§ Data for analysis:
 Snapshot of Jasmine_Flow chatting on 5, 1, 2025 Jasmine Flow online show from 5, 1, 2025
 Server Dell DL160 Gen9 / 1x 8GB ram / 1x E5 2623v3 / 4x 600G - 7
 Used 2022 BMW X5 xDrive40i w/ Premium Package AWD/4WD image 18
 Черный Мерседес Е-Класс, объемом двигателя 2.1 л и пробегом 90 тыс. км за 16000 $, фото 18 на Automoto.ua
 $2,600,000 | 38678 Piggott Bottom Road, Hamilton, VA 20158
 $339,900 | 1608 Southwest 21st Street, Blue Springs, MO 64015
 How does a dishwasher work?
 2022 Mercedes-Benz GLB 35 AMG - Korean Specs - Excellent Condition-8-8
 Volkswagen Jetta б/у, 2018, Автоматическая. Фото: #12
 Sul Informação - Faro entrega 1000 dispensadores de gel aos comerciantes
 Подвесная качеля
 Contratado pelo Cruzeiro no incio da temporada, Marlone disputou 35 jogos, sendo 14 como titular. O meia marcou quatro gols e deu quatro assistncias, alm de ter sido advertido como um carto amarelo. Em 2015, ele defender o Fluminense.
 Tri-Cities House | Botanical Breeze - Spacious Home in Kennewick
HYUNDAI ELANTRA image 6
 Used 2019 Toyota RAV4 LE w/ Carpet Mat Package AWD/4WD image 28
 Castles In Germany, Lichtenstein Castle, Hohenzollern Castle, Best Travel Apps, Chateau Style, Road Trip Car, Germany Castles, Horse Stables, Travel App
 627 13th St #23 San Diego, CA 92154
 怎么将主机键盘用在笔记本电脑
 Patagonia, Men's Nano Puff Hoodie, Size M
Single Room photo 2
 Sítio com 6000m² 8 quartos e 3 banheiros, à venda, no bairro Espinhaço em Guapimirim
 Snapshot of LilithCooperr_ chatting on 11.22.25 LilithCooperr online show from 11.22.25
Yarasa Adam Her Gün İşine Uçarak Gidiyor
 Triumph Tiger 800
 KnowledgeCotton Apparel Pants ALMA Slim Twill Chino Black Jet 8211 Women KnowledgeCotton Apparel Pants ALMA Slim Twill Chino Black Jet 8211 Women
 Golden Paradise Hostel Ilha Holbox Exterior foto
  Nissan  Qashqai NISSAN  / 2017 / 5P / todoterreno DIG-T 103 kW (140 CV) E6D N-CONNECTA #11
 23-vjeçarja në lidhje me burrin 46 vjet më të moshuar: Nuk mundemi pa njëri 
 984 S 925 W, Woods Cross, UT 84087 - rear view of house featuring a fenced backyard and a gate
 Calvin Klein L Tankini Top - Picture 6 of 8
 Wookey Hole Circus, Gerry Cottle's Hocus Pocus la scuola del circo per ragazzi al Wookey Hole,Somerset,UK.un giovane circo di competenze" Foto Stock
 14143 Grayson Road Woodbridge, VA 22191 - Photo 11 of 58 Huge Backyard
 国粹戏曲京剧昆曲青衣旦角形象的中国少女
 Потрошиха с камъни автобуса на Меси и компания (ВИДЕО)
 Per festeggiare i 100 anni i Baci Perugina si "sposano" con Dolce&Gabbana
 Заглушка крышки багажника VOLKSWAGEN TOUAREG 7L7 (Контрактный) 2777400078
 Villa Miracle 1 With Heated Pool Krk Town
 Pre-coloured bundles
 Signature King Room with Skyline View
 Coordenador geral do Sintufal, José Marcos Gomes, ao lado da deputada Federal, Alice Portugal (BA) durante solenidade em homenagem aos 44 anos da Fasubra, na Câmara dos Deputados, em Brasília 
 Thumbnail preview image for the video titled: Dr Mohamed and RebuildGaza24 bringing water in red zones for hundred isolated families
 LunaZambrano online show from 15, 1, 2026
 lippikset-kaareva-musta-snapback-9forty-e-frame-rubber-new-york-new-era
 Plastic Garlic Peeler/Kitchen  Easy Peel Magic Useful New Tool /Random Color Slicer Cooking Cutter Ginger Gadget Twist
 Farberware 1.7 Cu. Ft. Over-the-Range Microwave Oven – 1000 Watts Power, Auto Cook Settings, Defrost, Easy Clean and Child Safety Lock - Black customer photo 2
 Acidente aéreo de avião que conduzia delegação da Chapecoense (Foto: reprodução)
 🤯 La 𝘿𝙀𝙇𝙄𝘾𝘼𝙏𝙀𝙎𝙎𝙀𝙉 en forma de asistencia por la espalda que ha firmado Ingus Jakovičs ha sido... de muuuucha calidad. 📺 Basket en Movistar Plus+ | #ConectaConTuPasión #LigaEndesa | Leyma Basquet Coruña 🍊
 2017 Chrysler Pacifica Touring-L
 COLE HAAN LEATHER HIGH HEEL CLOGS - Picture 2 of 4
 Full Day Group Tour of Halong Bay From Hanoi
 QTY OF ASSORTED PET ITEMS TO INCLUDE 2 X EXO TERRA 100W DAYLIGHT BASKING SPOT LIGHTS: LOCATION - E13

§ Required action:
Give back, word for word, only the lines above from the line holding "Черный Мерседес Е-Класс, объемом" to the line holding "Подвесная качеля", both included.

§ Answer space:
 Черный Мерседес Е-Класс, объемом двигателя 2.1 л и пробегом 90 тыс. км за 16000 $, фото 18 на Automoto.ua
 $2,600,000 | 38678 Piggott Bottom Road, Hamilton, VA 20158
 $339,900 | 1608 Southwest 21st Street, Blue Springs, MO 64015
 How does a dishwasher work?
 2022 Mercedes-Benz GLB 35 AMG - Korean Specs - Excellent Condition-8-8
 Volkswagen Jetta б/у, 2018, Автоматическая. Фото: #12
 Sul Informação - Faro entrega 1000 dispensadores de gel aos comerciantes
 Подвесная качеля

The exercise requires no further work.